### Problem details
Your copy should match the listing below word for word, with no images in it.

### Raw data
-- -- --

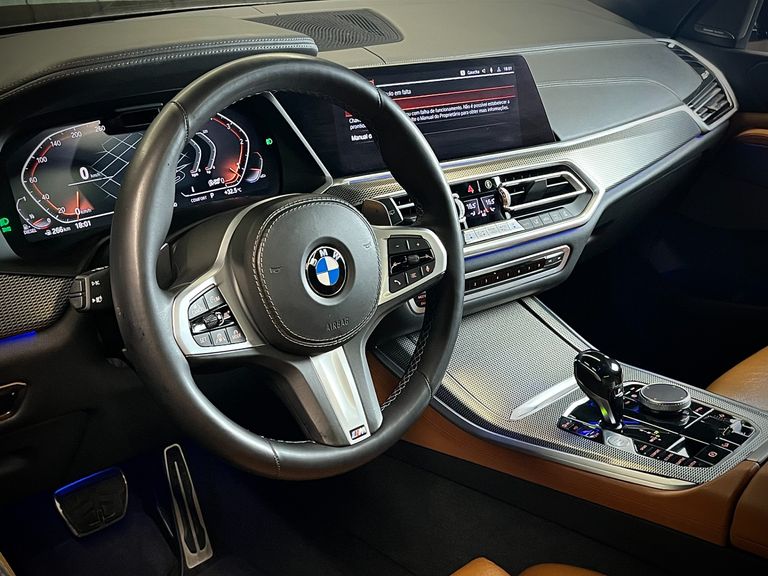 BMW X5 XDRIVE 30d M Sport 3.0 265cv Dies Aut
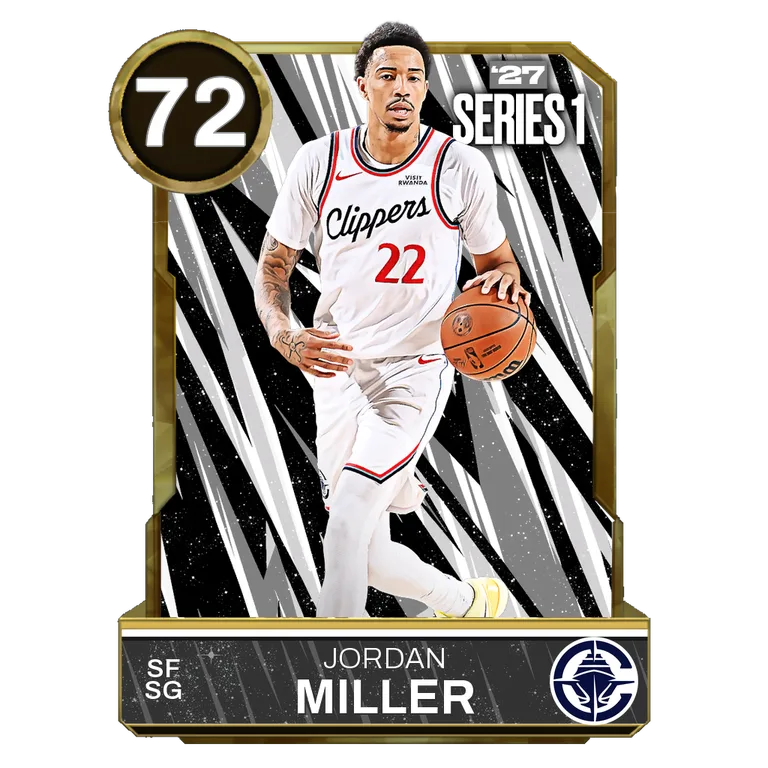 Jordan Miller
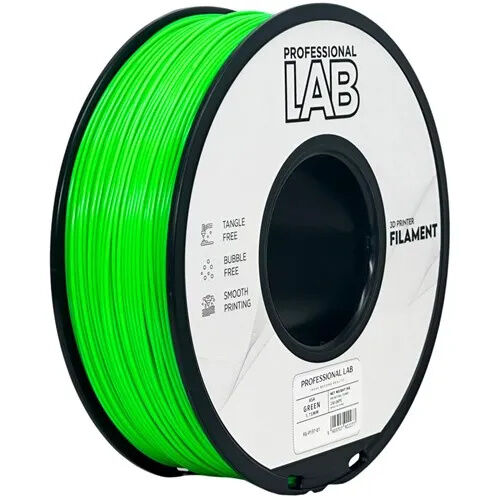 Professional Lab - ASA Filament - Zelený (1,75 mm, 1 kg)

-- -- --

### Exercise response
 BMW X5 XDRIVE 30d M Sport 3.0 265cv Dies Aut
 Jordan Miller
 Professional Lab - ASA Filament - Zelený (1,75 mm, 1 kg)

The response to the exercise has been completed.